3. ダンス指導者の育成とα世代・Z世代との対話が課題
—— HANA先生の、子どもたちの育成に対する情熱、環境作りは本当に素晴らしいです。一方で、同じ情熱で指導できる方を探すのはなかなか難しいように思いますが、指導者の採用や育成面の課題はありますか。
私の考えをいかに発信し、同じ志の方を集めるかは、非常に難しいですね。だからどうしても、教え子や、教え子が「この人なら」と紹介してくれた指導者が中心になります。応募してくれる方もいますが、採用面接でこちらが「何か聞きたいことはありますか?」と聞いて、何も質問が出てこない方は採用しません。現場では、子どもたちからいろいろな質問が出ます。
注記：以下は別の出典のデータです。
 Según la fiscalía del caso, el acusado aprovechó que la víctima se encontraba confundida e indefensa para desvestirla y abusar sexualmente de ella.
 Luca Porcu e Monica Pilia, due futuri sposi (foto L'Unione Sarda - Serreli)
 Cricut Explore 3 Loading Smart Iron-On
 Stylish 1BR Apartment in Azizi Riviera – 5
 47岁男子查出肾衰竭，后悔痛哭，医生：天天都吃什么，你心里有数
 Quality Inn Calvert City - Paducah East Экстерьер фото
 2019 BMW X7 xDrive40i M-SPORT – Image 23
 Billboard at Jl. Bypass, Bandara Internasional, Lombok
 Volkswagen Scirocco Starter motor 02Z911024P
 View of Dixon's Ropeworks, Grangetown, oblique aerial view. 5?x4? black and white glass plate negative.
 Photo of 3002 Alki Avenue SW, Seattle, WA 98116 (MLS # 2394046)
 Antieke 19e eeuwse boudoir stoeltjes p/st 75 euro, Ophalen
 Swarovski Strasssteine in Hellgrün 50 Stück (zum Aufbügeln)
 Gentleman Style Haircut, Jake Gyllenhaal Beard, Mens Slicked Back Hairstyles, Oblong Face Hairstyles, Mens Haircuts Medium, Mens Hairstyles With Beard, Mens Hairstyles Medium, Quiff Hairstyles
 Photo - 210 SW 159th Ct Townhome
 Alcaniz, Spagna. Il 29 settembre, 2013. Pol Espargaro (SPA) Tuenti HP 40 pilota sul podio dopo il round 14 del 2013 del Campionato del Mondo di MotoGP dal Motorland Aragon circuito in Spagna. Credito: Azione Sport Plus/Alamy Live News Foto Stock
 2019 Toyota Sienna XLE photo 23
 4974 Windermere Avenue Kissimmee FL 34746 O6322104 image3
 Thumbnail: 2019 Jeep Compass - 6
面接で反応できない方が、子どもたちの質問に反応できるとは思えないからです。子どもの質問に、例え回答がわからなくても「わからないから、一緒に考えよう」というような対応ができる方ならば、指導者に向いていると思います。
—— 30年以上ダンスの指導を行ってきて、昔と今で、違いを感じることはありますか。
今の若い世代は、昔と違い、情熱を表に出すことは「恥ずかしい」と感じるようですね。また、昭和世代の私たちとは価値観も違う。お給料は自分が生活できる分だけあればいいし、大会で一度メダルをもらえたら満足。情熱の火を灯すタイミングや、その火を燃やし続けることが、昔と違って難しくなったと感じます。
—— あらゆる場面でデジタル活用が進む時代にもなりましたが、貴スクールでも活用していますか。
当スクールでは、現在でも先生たちの業務日誌は手書きとしています。「もっと手軽なデジタルに変えましょう」と言われますが、文字として書くからこそ意識に強く残り、発する言葉も変わっていくと考えています。
一方で、コロナ禍ではいち早くオンラインレッスンを導入しましたし、生徒や保護者のためになると考えられる場面にはデジタルを活用しています。同じような考え方で、「売上を伸ばしたい」という理由だけで事業拡大はしません。まずは生徒や保護者を含めた、身近にいる人たちを幸せにすることを第一に考えて行動していきます。その結果、事業が拡大していくならば、理想的な成長フローといえますね。
—— 成長期の子どもたちを預かるダンススクールだからこそ、教育面でも力を入れているのがとても素晴らしいです。同じようなダンススクールがもっと増えて欲しいと心から感じました。本日はありがとうございました。